The traditional approach to treating
workplace-related musculoskeletal disorders has been passive allopathic
care that includes bed rest and non-steroidal anti-inflammatory
medication and — in the worst cases — exploratory
surgery and permanent disability. This traditional approach can
cost up to 30 percent of total payroll expenses.
Employers universally have three
goals relative to workplace injuries:
• Reduce the direct costs
of workers’ compensation claims;
• Get injured workers
back to work fast; and
• Keep injuries from happening.
You have the skills and knowledge
to help employers meet all three of these goals. Your challenge,
however, is to communicate to employers how you can help them
achieve these goals. Here are some suggestions:
• Target a specific
industry and learn the jobs. Before you can help any
employer, you must understand the workplace and its jobs.

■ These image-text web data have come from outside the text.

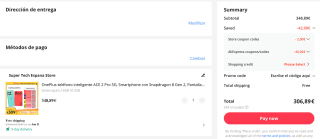 OnePlus ACE 2 Pro 5G de 16GB/512GB Por 306,96€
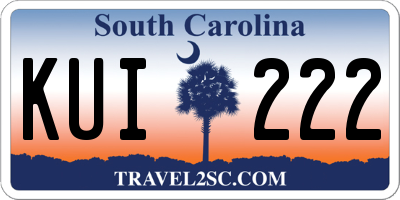 SC license plate KUI222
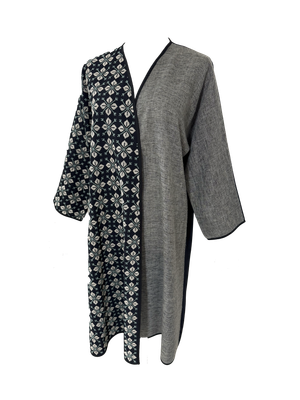 Nadia Dajani x UNHCR Baby Blue and White Hand Embroidered Abaya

Identify the industries and jobs
in your locality. Become familiar with the essential job functions
and the critical demands made on employees in those jobs. The
starting place to do this? Your current patient base. Talk to
your patients about their jobs and the injuries most commonly
reported where they work. Talk to them before they come in with
an injury.
Another source of information
— workers’ compensation patients. Workers’ comp
patients can provide you with a great deal of information. Ask
each injured worker about the mechanism of the injury: Was it
caused by faulty ergonomics (a poorly designed workspace) or unhealthy
biomechanics (an unsafe combination of movements such as lifting
and twisting at the torso simultaneously)?
Learn the vocabulary of the industry
so that you can “speak their language” when you meet
with management.
• Get training and
information. Attend continuing education courses in occupational
healthcare to learn the nuances of treating industrial injuries
and working with companies. Local and national chiropractic organizations
have specialty councils that offer a wealth of information.
Mine the Internet for even more
information and read books written by chiropractic experts. Remember
that you may have only one opportunity to present your analysis
and offer your services to the decision makers — so prepare
yourself with as much information as possible.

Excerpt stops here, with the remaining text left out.